Google has revealed that it removed 640 videos from YouTube that allegedly promoted terrorism after receiving a request from the UK's Association of Police Officers, but it refused to give in to censorship demands by a number of the world's governments.

Google has revealed that it removed 640 videos from YouTube that allegedly promoted terrorism after receiving a request from the UK's Association of Police Officers, but it refused to give in to censorship demands by a number of the world's governments.

 
The videos in question were linked with five accounts suspected of promoting terrorism and were found to violate YouTube's Community Guidelines. The accounts were terminated and all videos associated with them were deleted.
 
It is not clear if all 640 videos contained pro-terrorism messages or if only a select number of them did, but all of them have now been removed, according to Google's latest transparency report on government requests.
 
 
Despite Google's agreement in this case and several others, it refused to cooperate with requests by a number of governments, and labelled many of the requests as “troubling” and “alarming.”
 
“Unfortunately, what we’ve seen over the past couple years has been troubling, and today is no different.

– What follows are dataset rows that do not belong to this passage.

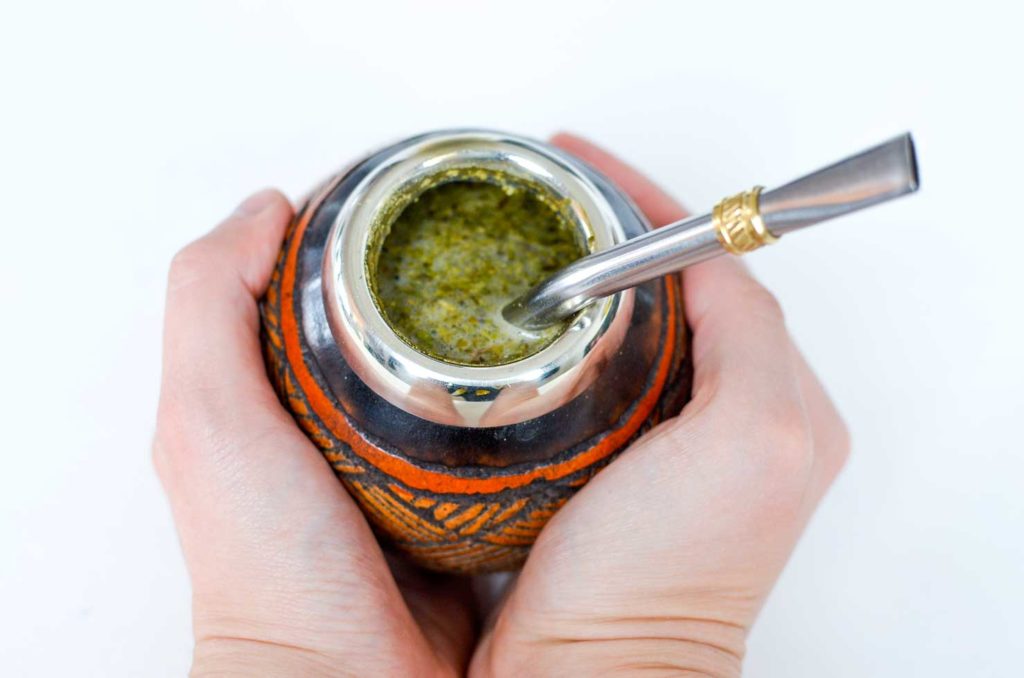 two hands cup a traditional yerba mate gourd between them. It looks like the hands are holding on tight to consume all the gourds warmth that eminates from the hot yerba mate tea inside. The tea inside looks like thick green chunky liquid. Sticking out is a stainless steel straw.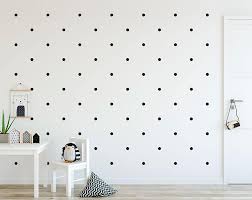 evenly space wall decals in a pattern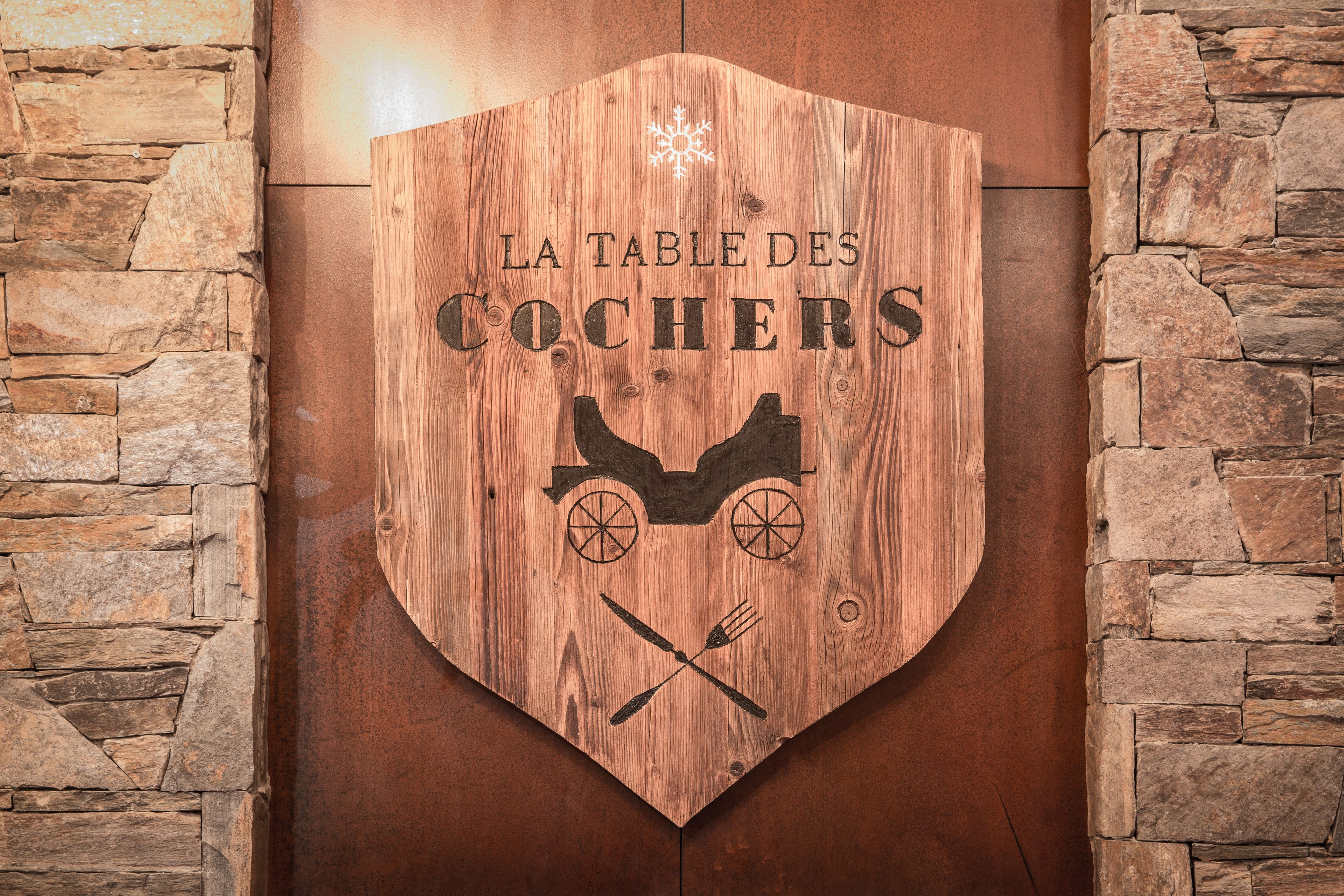 A wooden sign with the text "LA TABLE DES COCHERS" and a horse-drawn carriage illustration.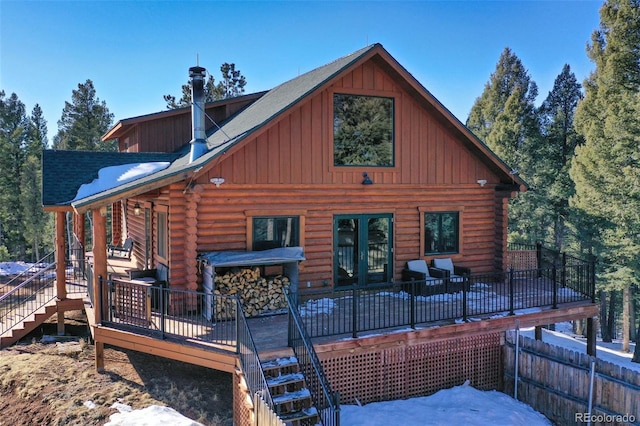 back of property with a wooden deck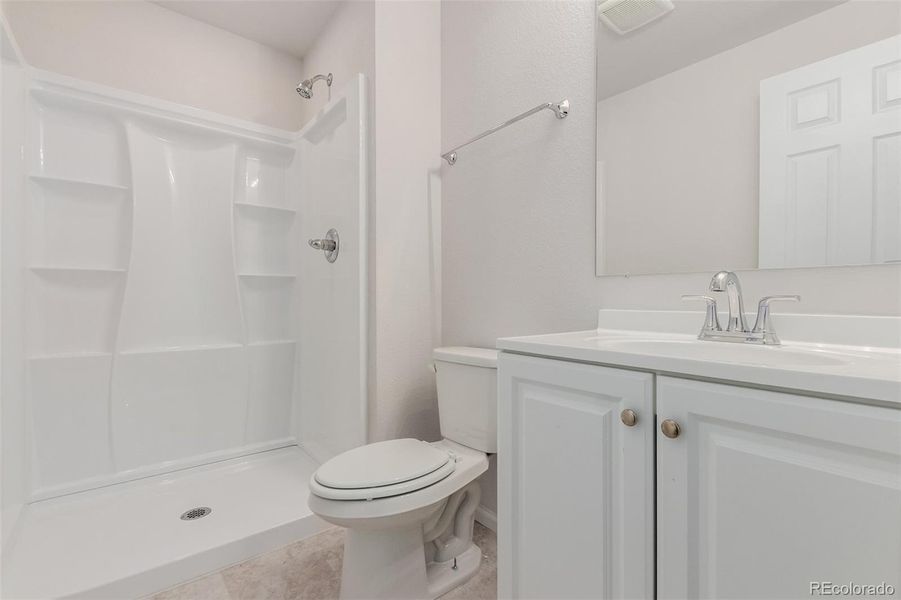 Furnished interior view inside a new home in The Aurora Highlands, Aurora (Image 9).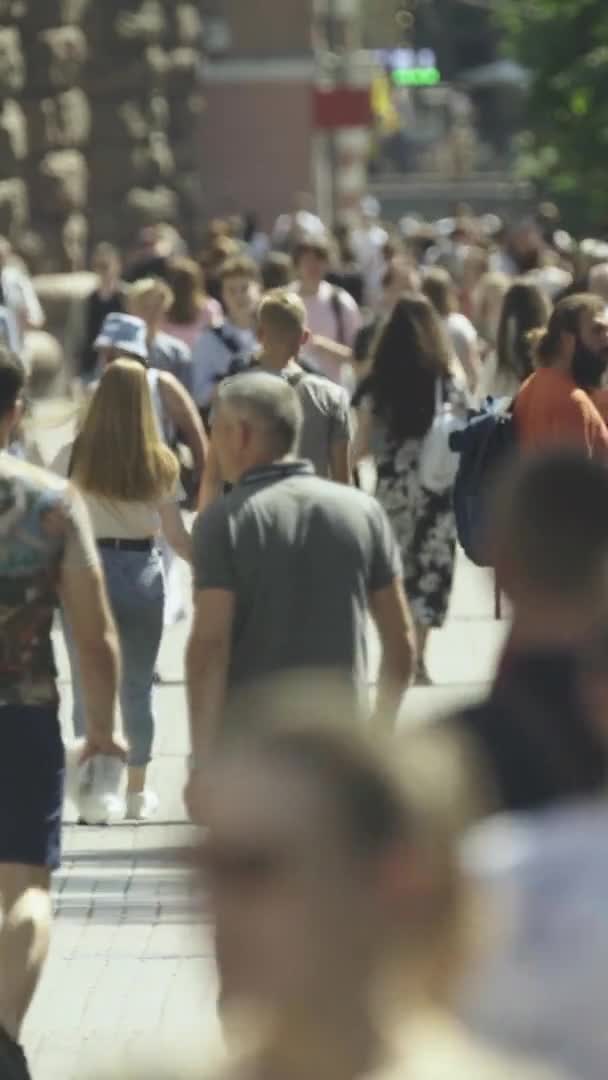 Şehir caddesi boyunca kalabalık içinde yürüyen bir sürü insanın dikey videosu. — Stok video
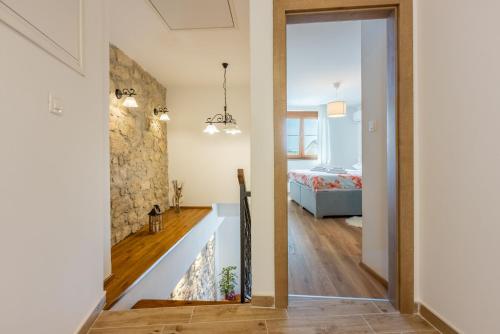 a hallway leading to a bedroom with a stone wall at Villa Banely in Grižane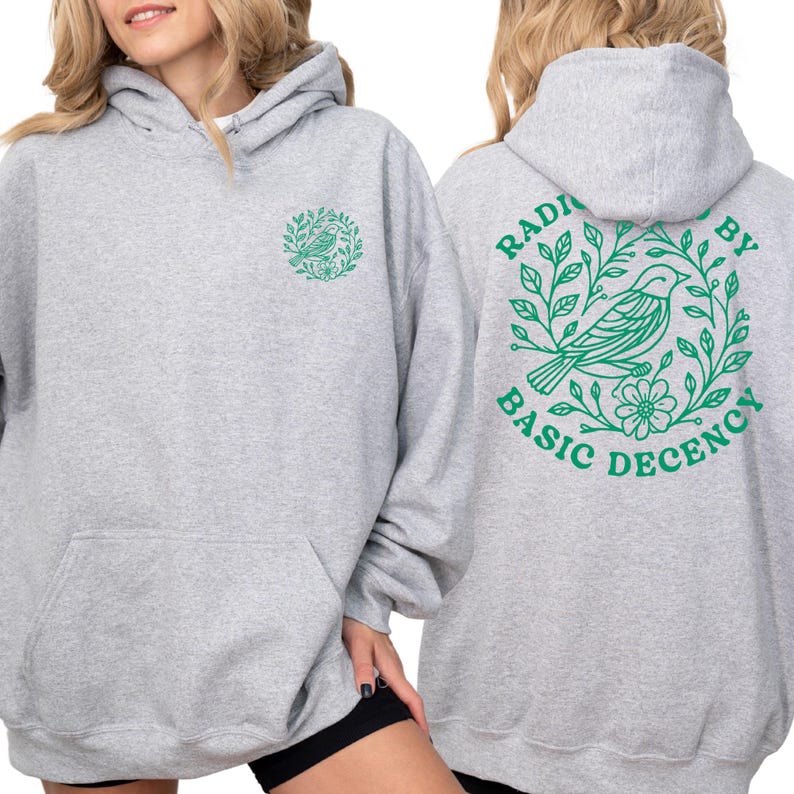 A woman wearing a grey hooded sweatshirt with a green graphic design on the back.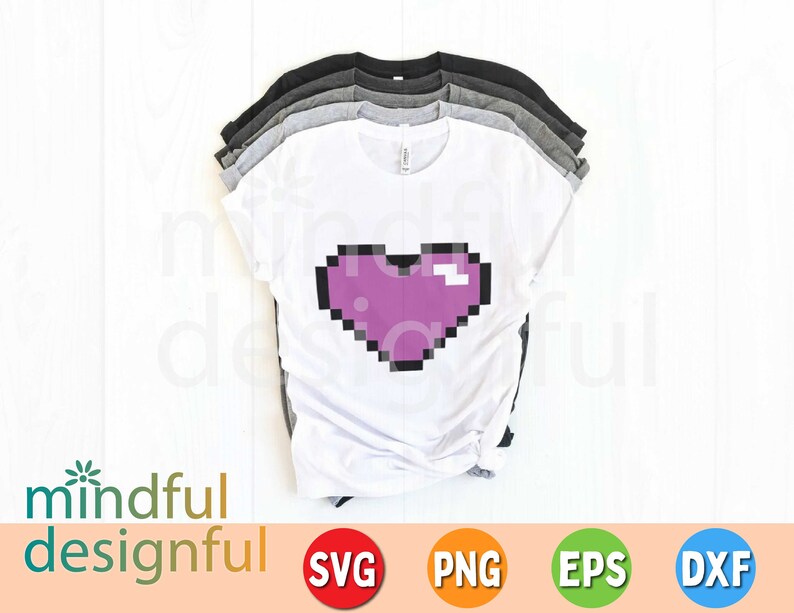May include: A stack of t-shirts in various colors, including white, gray, and black. The white shirt features a pixelated purple heart design. The image also includes the text "mindful designful" and file type icons.
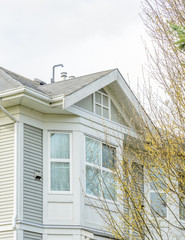 The top of the house with nice window.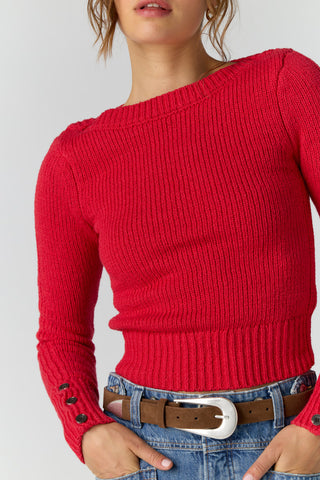 A close-up of a model wearing a bright red ribbed knit sweater with an off-the-shoulder neckline, paired with blue jeans and a brown belt.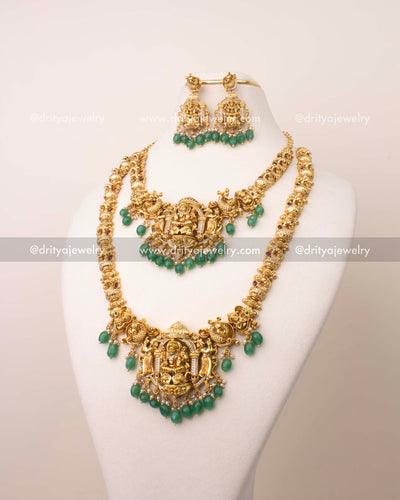 Traditional nakshi Lakshmi Devi necklace set with matching earrings and green bead drops.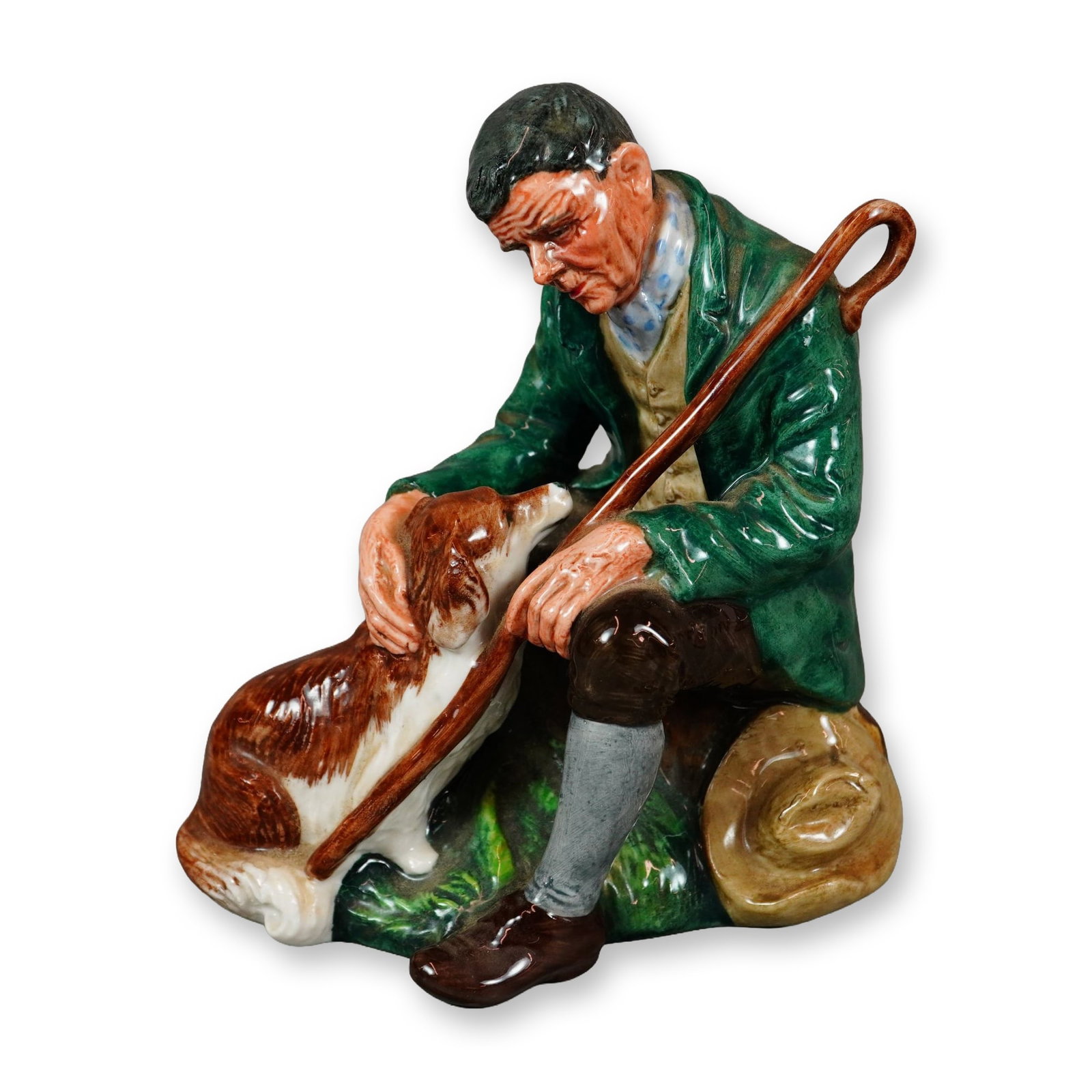 Royal Doulton Porcelain Figurine, Master HN2325: Royal Doulton Farm & Country Series Figurine, designed by Peggy Davies. This hand-painted figure depicts a seated country gentleman accompanied by his faithful dog. Marked on the underside with the Ro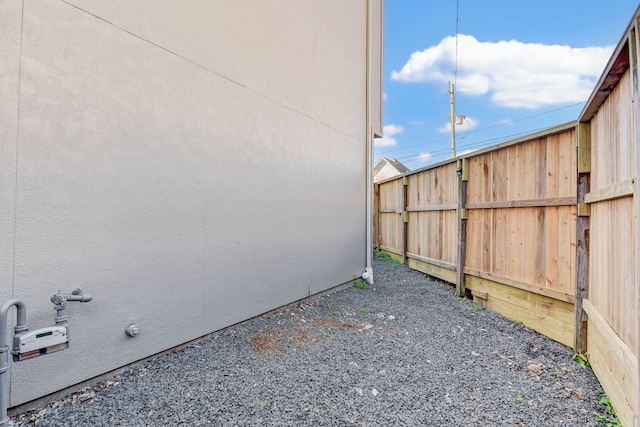 view of side of property featuring stucco siding and fence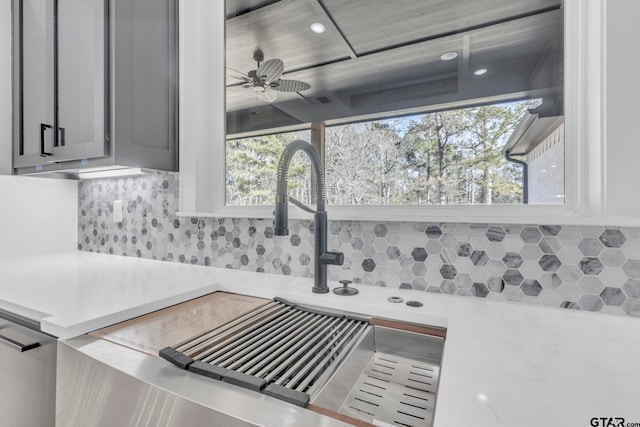 kitchen with ceiling fan, gray cabinetry, tasteful backsplash, and sink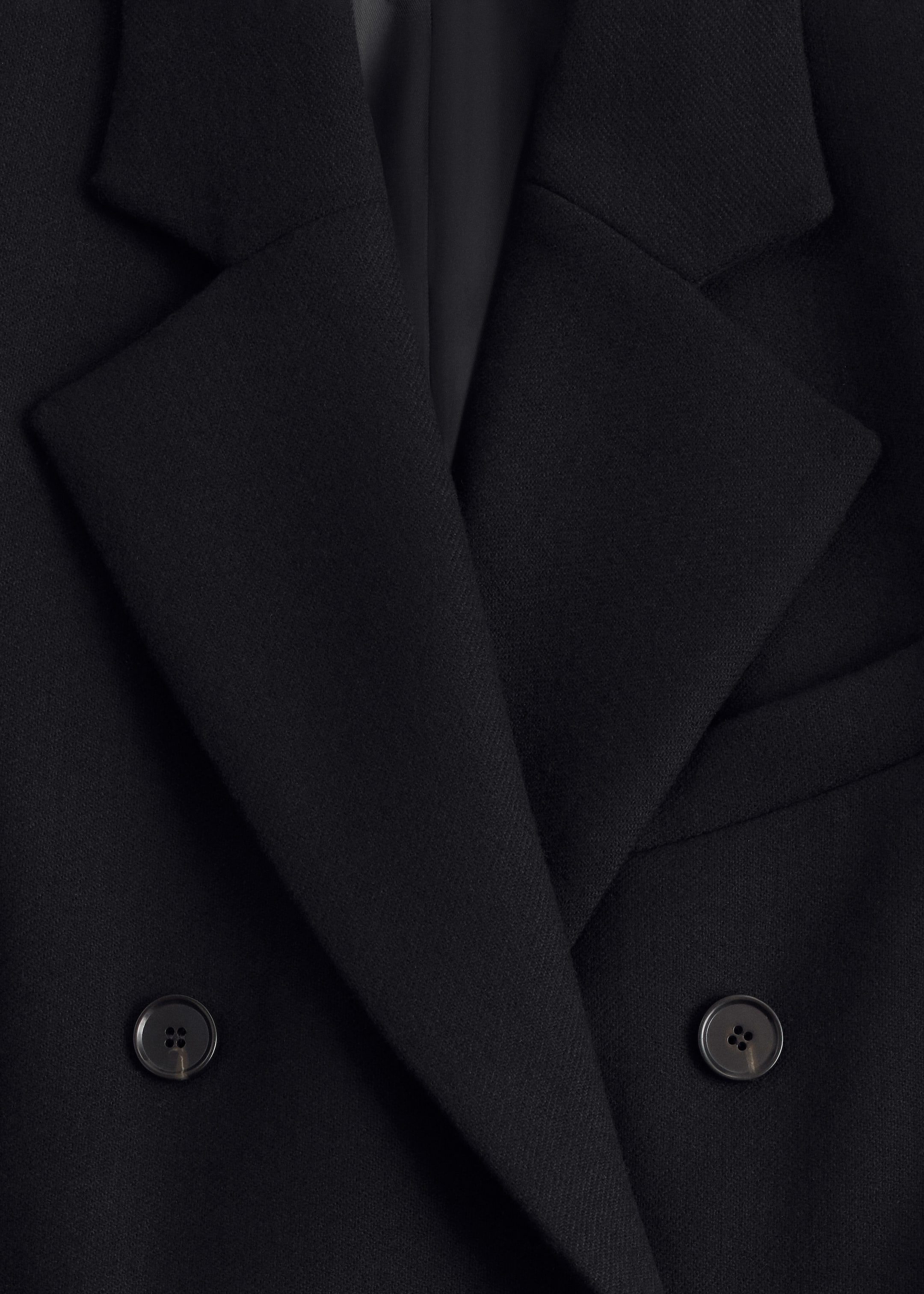View larger image: A close-up view is showing the upper portion of a black double-breasted coat, featuring wide notch lapels and two dark, four-hole buttons on its overlapping front panels.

When we started releasing this data in 2010, we also added annotations with some of the more interesting stories behind the numbers. We noticed that government agencies from different countries would sometimes ask us to remove political content that our users had posted on our services. We hoped this was an aberration. But now we know it’s not,” said Dorothy Chou, Senior Policy Analyst at Google. 
 
“This is the fifth data set that we’ve released. And just like every other time before, we’ve been asked to take down political speech. It’s alarming not only because free expression is at risk, but because some of these requests come from countries you might not suspect—Western democracies not typically associated with censorship.”
 
Examples given include a request by regulators in Spain to remove 270 search results for blogs and newspaper articles referencing individuals and public figures, while a Polish public institution asked Google to remove links to a website that criticised it. Google did not comply with these requests.
 
Other requests that Google refused to give in to included a Canadian request to remove a YouTube video of a man urinating on his Canadian passport and flushing it down the toilet, a Pakistani request to remove six YouTube videos that satirised the Pakistan army, and US requests to remove a blog that allegedly defamed a law enforcement official and to remove 1,400 YouTube videos for alleged harassment.